Industry was divided by size in its reaction to a package of reforms that included changes to business rates, moves to tackle tax avoidance and a cut in corporation tax.
With small companies getting the lion’s share of the benefit of an overhaul of business rates and commercial property tax, representatives of larger employers expressed concerns that they had been left to foot the bill.
Chris Sanger, head of tax policy at EY, said big businesses would be left with a “sour aftertaste” from restrictions to tax relief on trading losses and debt interest as well as other moves designed to tackle tax avoidance. The reforms are predicted to raise £9 billion over the next five years. Mr Sanger said the feeling of disappointment would be only slightly offset by a further one percentage point cut in corporation tax at the start of the next decade, bringing the tax on profits down to 17 per cent.
By contrast, small businesses were handed a £6.7 billion tax cut over the next five years, in the form of a permanent reduction in the number of businesses who will have to pay business rates at all as well as savings for those small companies who do.
Small business owners also welcomed changes to commercial stamp duty, capital gains tax and a new £1,000 tax-free allowance for people with part-time, home-based ventures. An existing scheme designed to allow business owners to keep more of the proceeds of a sale of their venture, entrepreneurs’ relief, was extended to long-term investors in small companies.
Mike Cherry, policy director at the Federation of Small Businesses, praised the chancellor, saying he had “listened to our calls for the tax system to be made simpler for small businesses and the self-employed and taken important action on business rates.”
Emma Jones, founder of small business network Enterprise Nation, which represents thousands of micro businesses, described the measures as great news.
“The best news of all is the permanent reduction in business rates, which will offer a big boost to the increasing number of independent retailers and producers we see every day looking for a foothold on our high streets.”
However, Mr Sanger said: “Manufacturers and larger retailers will be disappointed with the lack of action by the government [on business rates], with those sectors currently paying 40 per cent of the tax but only constituting 16 per cent of the economy.
“This retains the distortions in the current system, deterring manufacturers from improving their buildings and penalising the largest bricks and mortar retailers.”
Carolyn Fairbairn, director-general of the CBI, said Mr Osborne had delivered a “stable budget for business facing global stormy waters”. However, she criticised the restrictions of the tax treatment of trading losses, saying they would “make it harder for larger scale-up firms and companies that have been through tough times to play their part in the recovery”. Frank Haskew, head of tax faculty at the Institute of Chartered Accountants in England and Wales, warned that the tax avoidance measures added increased costs and regulatory burdens. “The UK tax code is one of the longest and most complicated in the world and additional changes will add to this complexity,” he said.

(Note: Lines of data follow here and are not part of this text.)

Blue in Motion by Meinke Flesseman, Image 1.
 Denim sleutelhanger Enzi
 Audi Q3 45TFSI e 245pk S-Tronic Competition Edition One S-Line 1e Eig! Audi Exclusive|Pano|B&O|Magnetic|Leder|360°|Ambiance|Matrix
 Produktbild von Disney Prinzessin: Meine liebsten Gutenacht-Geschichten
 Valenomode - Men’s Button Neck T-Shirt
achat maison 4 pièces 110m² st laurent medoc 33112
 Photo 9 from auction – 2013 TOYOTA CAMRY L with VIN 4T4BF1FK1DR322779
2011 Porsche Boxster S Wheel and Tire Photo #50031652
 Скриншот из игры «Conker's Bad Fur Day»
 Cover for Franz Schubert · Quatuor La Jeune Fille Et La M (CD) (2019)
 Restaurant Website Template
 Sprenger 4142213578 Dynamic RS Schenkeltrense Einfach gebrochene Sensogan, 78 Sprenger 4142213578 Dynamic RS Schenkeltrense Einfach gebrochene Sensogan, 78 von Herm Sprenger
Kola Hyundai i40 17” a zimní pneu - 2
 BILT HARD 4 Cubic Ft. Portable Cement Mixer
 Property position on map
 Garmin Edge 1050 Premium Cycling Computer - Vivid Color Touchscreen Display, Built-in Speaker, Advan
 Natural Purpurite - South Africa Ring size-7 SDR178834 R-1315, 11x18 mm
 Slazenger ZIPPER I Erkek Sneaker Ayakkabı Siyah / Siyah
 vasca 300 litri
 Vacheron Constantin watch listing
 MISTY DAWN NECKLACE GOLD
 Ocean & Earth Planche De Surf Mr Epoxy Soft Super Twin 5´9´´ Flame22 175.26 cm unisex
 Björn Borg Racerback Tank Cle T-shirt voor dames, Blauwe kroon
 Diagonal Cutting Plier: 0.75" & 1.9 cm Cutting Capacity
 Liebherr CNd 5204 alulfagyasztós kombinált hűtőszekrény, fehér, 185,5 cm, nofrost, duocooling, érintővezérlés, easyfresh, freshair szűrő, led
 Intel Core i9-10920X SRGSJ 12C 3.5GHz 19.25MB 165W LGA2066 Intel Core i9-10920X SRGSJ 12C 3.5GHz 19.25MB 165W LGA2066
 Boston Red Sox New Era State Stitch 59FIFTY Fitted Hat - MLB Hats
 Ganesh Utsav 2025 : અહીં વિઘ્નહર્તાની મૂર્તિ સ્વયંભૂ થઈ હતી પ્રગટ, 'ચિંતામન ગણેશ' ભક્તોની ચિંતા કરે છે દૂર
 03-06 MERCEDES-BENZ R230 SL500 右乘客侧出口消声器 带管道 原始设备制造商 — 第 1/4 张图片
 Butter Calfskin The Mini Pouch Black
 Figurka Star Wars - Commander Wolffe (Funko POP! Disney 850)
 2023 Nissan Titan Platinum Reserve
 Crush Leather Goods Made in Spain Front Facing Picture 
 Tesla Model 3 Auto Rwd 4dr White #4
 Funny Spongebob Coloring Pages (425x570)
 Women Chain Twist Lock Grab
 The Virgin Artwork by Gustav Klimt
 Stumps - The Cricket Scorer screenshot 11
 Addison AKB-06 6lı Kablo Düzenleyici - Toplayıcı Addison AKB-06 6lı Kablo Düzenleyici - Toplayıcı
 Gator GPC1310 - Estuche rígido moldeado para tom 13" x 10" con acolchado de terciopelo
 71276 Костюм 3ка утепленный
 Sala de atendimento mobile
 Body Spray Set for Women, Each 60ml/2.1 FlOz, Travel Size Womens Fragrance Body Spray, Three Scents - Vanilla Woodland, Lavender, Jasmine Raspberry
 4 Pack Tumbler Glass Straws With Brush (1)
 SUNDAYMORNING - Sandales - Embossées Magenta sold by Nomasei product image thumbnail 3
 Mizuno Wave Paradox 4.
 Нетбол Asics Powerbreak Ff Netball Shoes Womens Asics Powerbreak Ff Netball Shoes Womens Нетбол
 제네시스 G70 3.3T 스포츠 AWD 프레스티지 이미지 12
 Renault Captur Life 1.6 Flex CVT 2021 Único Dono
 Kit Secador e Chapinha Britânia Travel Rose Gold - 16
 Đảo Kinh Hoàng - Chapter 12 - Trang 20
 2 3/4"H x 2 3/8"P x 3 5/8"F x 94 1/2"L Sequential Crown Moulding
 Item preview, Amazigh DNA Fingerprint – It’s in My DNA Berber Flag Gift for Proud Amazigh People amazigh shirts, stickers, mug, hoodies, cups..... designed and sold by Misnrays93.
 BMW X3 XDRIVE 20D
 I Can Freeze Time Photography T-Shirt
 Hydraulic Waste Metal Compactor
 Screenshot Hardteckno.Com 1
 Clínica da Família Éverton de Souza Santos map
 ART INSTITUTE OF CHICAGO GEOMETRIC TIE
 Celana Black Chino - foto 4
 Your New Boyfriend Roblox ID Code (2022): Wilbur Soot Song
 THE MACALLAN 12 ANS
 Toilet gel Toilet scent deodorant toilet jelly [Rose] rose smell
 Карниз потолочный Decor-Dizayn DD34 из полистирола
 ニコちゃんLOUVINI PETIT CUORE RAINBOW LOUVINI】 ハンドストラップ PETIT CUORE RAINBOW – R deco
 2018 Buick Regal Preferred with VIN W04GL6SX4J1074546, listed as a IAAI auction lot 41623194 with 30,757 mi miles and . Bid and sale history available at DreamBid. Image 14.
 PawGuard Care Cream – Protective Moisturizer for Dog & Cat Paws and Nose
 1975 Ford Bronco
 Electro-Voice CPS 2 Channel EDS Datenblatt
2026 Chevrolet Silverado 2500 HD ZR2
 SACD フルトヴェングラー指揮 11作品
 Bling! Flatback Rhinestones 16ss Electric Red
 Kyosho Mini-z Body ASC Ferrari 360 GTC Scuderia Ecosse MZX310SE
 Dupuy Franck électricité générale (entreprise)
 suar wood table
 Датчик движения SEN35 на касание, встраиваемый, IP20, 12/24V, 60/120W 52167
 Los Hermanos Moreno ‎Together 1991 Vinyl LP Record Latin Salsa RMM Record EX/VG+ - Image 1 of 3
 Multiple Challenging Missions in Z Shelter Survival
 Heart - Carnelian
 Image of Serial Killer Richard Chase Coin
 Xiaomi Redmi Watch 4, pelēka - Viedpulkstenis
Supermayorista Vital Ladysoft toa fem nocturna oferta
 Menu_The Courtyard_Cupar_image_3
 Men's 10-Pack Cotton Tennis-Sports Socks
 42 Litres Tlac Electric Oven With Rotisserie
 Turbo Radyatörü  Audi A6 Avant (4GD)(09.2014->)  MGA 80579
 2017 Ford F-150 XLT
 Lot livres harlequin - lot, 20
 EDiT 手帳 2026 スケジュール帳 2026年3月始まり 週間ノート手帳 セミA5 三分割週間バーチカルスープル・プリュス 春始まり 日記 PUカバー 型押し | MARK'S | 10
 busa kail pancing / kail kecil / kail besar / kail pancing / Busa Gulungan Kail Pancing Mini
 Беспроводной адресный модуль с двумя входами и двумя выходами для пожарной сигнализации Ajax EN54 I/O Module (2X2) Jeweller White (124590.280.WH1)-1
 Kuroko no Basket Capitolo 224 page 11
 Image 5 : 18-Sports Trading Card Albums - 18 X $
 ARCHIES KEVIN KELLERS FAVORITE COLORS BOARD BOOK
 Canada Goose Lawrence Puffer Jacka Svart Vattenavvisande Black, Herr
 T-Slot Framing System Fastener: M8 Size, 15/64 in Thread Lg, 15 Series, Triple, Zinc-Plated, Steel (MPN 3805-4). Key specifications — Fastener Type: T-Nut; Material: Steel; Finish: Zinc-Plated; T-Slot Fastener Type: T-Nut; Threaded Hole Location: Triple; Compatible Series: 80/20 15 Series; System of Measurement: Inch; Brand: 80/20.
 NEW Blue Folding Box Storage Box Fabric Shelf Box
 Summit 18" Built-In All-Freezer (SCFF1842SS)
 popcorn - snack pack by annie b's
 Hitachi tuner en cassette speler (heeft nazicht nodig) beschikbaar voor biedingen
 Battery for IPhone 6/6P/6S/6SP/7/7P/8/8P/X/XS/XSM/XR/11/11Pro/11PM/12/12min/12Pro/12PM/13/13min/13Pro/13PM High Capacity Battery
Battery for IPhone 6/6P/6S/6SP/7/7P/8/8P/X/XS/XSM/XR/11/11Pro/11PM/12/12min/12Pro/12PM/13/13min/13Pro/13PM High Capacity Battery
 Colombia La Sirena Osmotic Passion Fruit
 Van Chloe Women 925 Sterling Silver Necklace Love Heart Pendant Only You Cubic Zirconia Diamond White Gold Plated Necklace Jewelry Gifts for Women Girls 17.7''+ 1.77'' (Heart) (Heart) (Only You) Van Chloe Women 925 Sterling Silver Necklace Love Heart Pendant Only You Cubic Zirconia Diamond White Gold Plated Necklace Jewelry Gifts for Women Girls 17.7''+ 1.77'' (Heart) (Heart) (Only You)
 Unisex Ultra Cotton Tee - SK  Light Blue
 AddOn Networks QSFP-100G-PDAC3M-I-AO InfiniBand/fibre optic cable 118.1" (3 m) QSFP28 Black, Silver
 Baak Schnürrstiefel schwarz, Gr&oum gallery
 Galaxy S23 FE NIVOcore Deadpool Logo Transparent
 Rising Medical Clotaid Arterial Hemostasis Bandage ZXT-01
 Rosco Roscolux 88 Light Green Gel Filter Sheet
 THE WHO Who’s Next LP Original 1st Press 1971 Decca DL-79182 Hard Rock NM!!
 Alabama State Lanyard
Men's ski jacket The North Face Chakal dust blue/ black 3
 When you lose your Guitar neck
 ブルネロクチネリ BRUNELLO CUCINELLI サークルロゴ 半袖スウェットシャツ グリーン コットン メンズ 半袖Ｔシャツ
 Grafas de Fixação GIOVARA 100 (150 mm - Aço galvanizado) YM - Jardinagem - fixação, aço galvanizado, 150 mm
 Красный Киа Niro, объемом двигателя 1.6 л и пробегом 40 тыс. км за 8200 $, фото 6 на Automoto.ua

Industries including private equity and property investment were angered that they will be left out of a cut in capital gains tax from 28 per cent to 20 per cent.
The freezing of fuel duty and plans for more infrastructure investment, including a rail link between Manchester and Leeds and Crossrail 2 in London, were more broadly welcomed.
Mr Cherry said: “These measures should help to drive productivity and boost small business confidence levels, which have faltered recently in the face of a number of domestic policy and global economic challenges.”
Adam Marshall, acting director-general of the British Chambers of Commerce, said: “Business wanted a steady, workmanlike budget, and that’s what we got.”